(WORK TO COMPLETE): What you return must be the exact lines of the material below, from the first through the one that has "Although Soot comes", with no pictures and, please, nothing else.

(SUPPLIED RECORDS):
━━━━━━━━━━
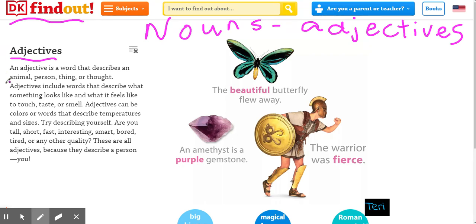If you look over here, you will see that the adjective describes an animal, person, thing, or thought. Adjectives can be a color. It can be a word that describes temperature. So if you were describing yourself, those would be adjectives because you are a person.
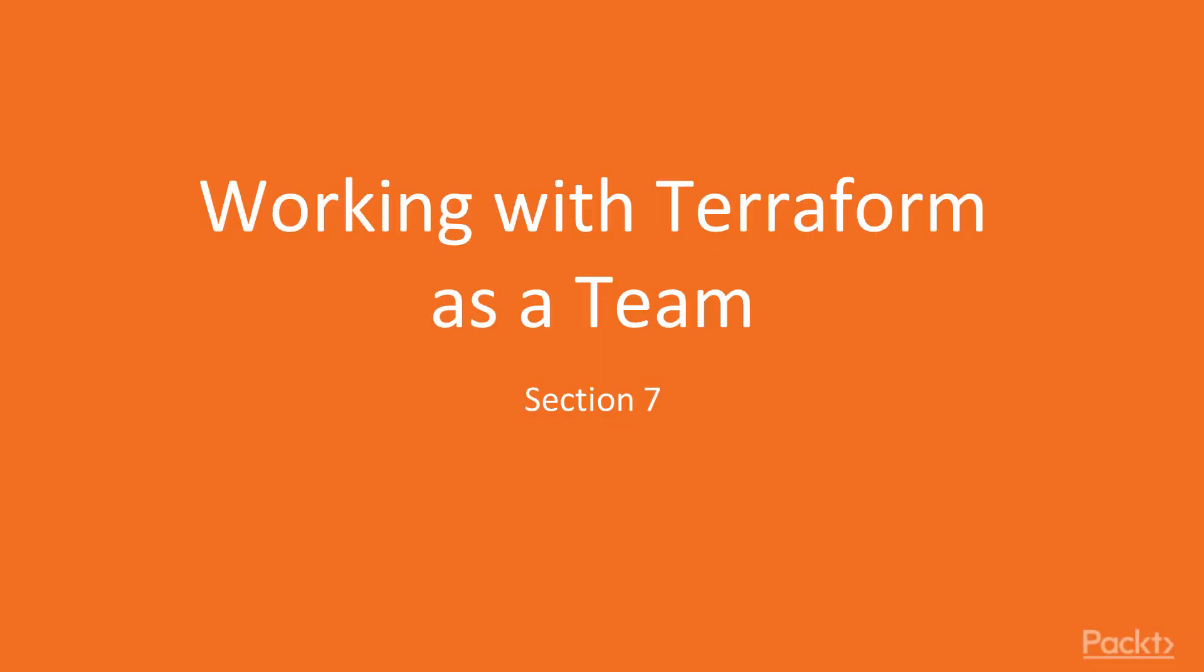Hi, and welcome back to Hands-On Infrastructure Automation with Terraform on AWS by Packt Publishing.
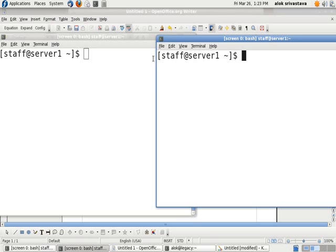Not only will it solve the problem, it will also help him learn to rectify the problem by his own. And any time, he can come out by pressing Ctrl-A-D.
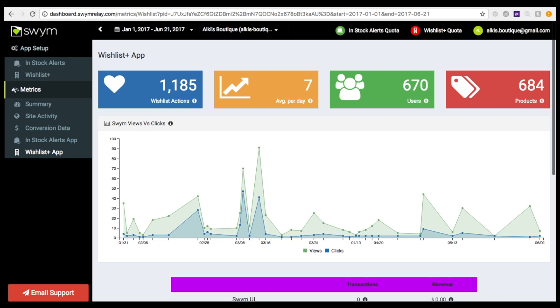The app comes with a comprehensive dashboard that shows you the engagement metrics for your store. In addition, our paid plans include a rich set of detailed reports as well as on your store's Wishlist activity.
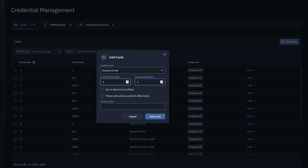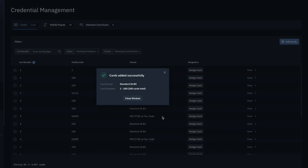If you are entering in multiple cards, enter the last card number of the range in the field. Depending upon the card format, additional fields like facility code or vendor code may appear. These should be filled in as needed. In most cases, the optional card offset can be left blank. Once done, click the Add Cards button at the bottom of the pop-up to complete the process.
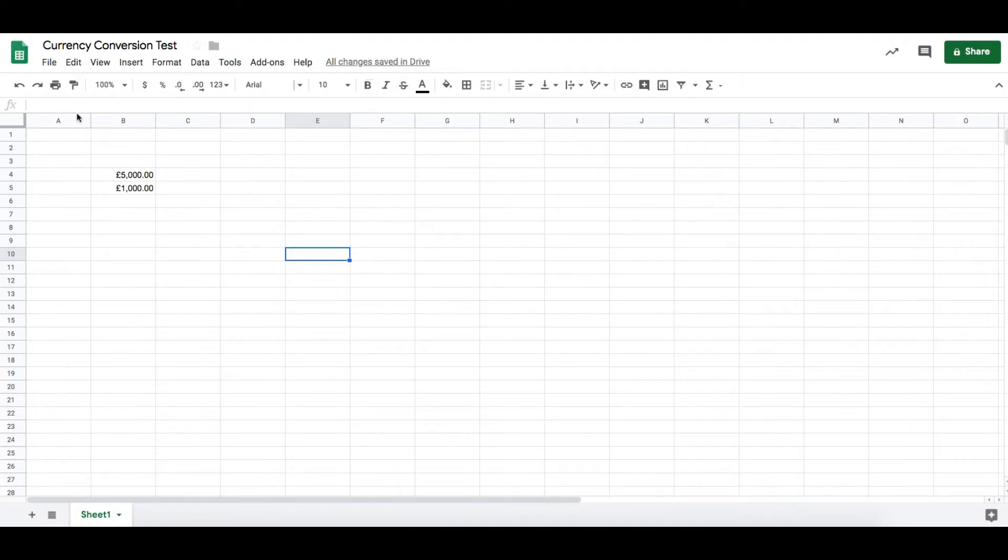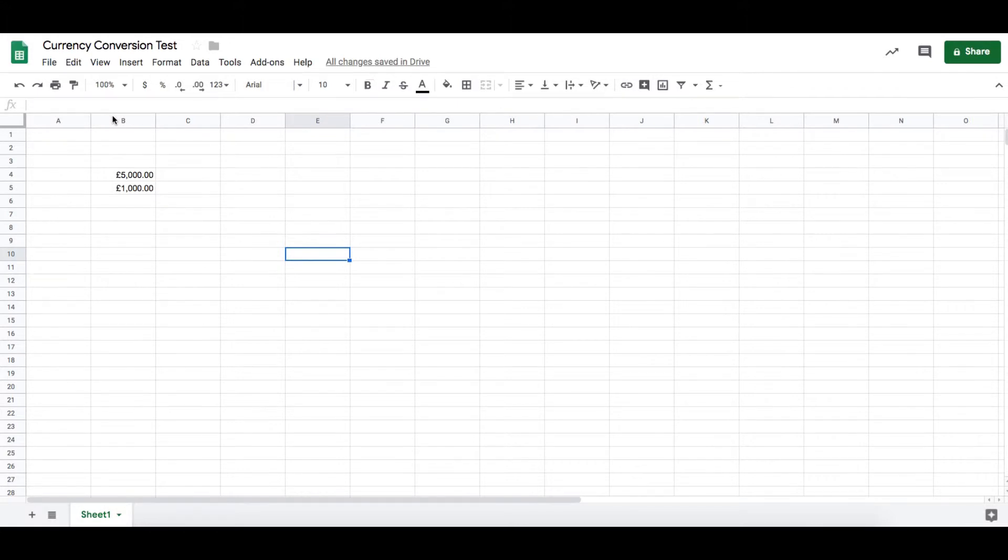When you're tracking spend or budgets, sometimes you're operating in multiple currencies. You've been given the budget in one currency but you're operating in another, or you have different ad platforms set to run in different currencies. That can seem like quite a lot of hard work to keep track of.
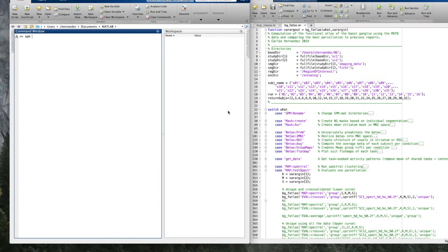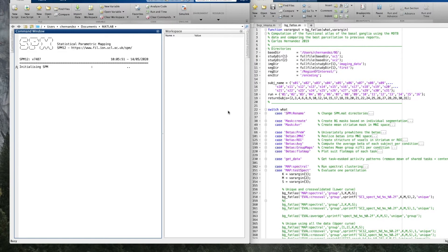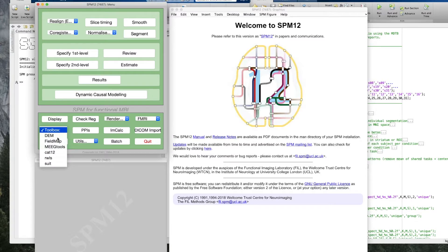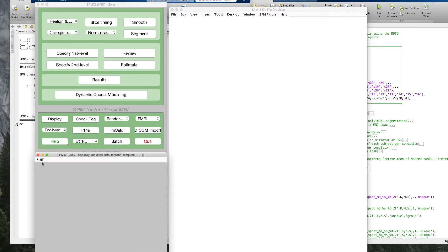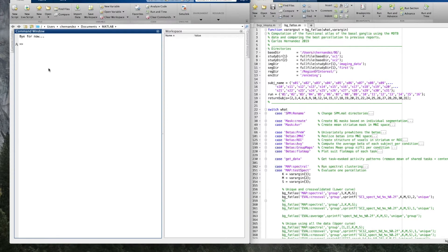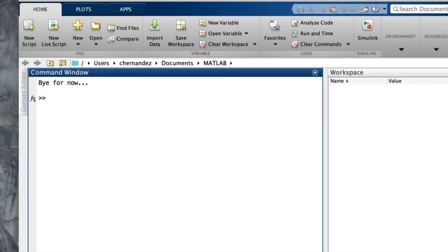Although Soot comes with a graphical user interface, we will explain the functions using the command line. In this way, you can create your own scripts to automatize your pipeline. This is helpful, especially when you need to run several subjects.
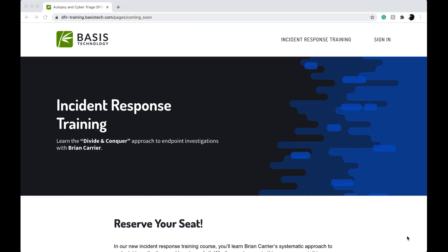Hi YouTube, Mubashar here with another video. Today I'm going to share another free course on Autopsy from Basis Technology.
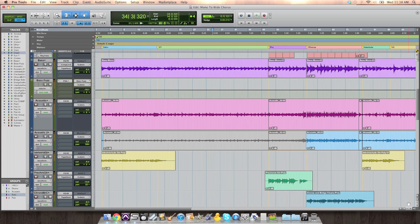And the moment we hit the downbeat of the chorus, the guitars get panned left and right. Everything opens up. Take a listen.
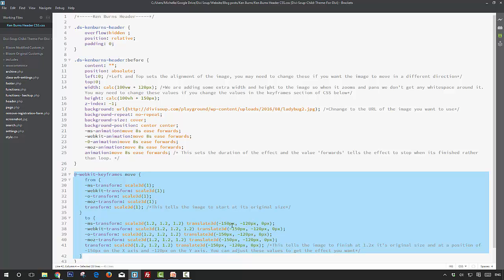Now you can change these values to have your image move in a different direction, but if you do change them then you're more than likely going to want to change these values up here so that you avoid any white space.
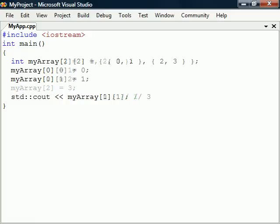Arrays can also be made multidimensional by adding more sets of square brackets. As with single dimensional arrays they can either be filled in one at a time or all at once during the declaration.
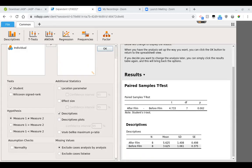Now I want to talk about another option that was in the dependent t-test running in JASP, where we could tell JASP whether we wanted it to be one or two-tailed.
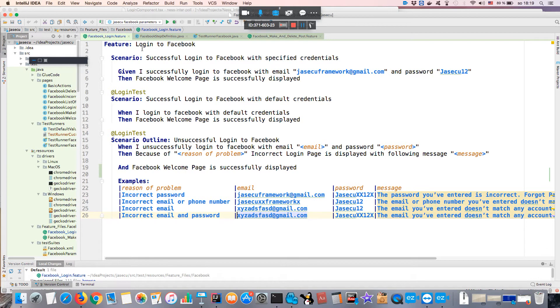A question from the audience: can you show how to add the Cucumber plugin for feature files into IntelliJ?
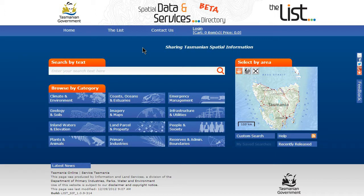Welcome to the Spatial Data and Services Directory. This site is an online metadata catalogue which allows users to find and reuse Tasmanian spatial information. There are four different ways to start searching for data and services.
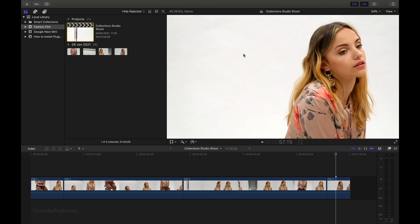Hello everyone, I'm Dion from Dion Video Productions. In this video, I'm going to be showing you how to copy your Final Cut library to an external hard drive. Let's get started.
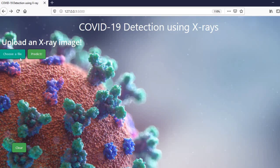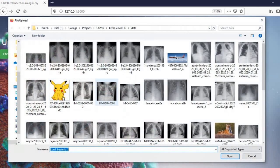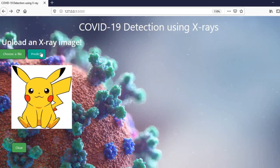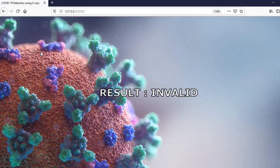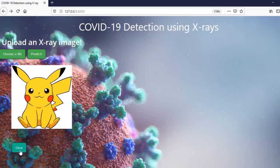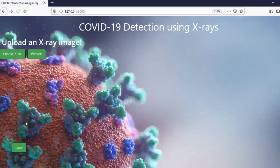Now, we will make our prediction on a random class of image to check our model. And here we got our result as invalid. That's it for the demonstration of our application.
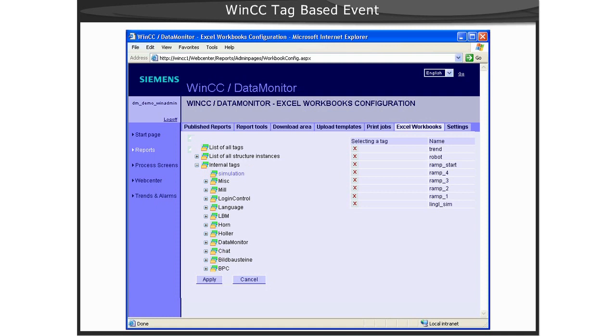We have selected the ramp_one tag by simply clicking the red X icon, which then displays a green checkmark indicating that the tag is selected.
━━━━━━━━━━
(RESPONSE TO THIS TASK):
If you look over here, you will see that the adjective describes an animal, person, thing, or thought. Adjectives can be a color. It can be a word that describes temperature. So if you were describing yourself, those would be adjectives because you are a person.
Hi, and welcome back to Hands-On Infrastructure Automation with Terraform on AWS by Packt Publishing.
Not only will it solve the problem, it will also help him learn to rectify the problem by his own. And any time, he can come out by pressing Ctrl-A-D.
The app comes with a comprehensive dashboard that shows you the engagement metrics for your store. In addition, our paid plans include a rich set of detailed reports as well as on your store's Wishlist activity.
If you are entering in multiple cards, enter the last card number of the range in the field. Depending upon the card format, additional fields like facility code or vendor code may appear. These should be filled in as needed. In most cases, the optional card offset can be left blank. Once done, click the Add Cards button at the bottom of the pop-up to complete the process.
When you're tracking spend or budgets, sometimes you're operating in multiple currencies. You've been given the budget in one currency but you're operating in another, or you have different ad platforms set to run in different currencies. That can seem like quite a lot of hard work to keep track of.
Although Soot comes with a graphical user interface, we will explain the functions using the command line. In this way, you can create your own scripts to automatize your pipeline. This is helpful, especially when you need to run several subjects.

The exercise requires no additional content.